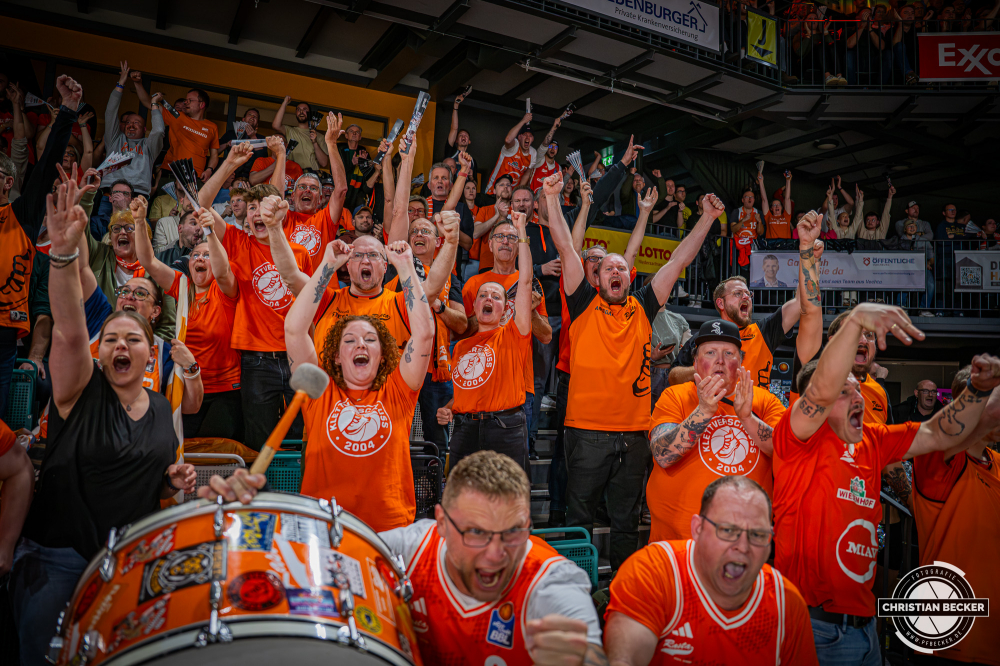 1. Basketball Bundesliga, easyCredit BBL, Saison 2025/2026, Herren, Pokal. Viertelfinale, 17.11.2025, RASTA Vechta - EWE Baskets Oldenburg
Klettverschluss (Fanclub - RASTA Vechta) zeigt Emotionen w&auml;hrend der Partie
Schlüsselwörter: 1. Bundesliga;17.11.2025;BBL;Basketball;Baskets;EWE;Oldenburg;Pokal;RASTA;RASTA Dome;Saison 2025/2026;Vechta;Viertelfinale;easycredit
☆ ☆ ☆ ☆ ☆
**Task:** Each line of the material above should be set down exactly, with no pictures.

**Response for this exercise:**
 1. Basketball Bundesliga, easyCredit BBL, Saison 2025/2026, Herren, Pokal. Viertelfinale, 17.11.2025, RASTA Vechta - EWE Baskets Oldenburg
Klettverschluss (Fanclub - RASTA Vechta) zeigt Emotionen w&auml;hrend der Partie
Schlüsselwörter: 1. Bundesliga;17.11.2025;BBL;Basketball;Baskets;EWE;Oldenburg;Pokal;RASTA;RASTA Dome;Saison 2025/2026;Vechta;Viertelfinale;easycredit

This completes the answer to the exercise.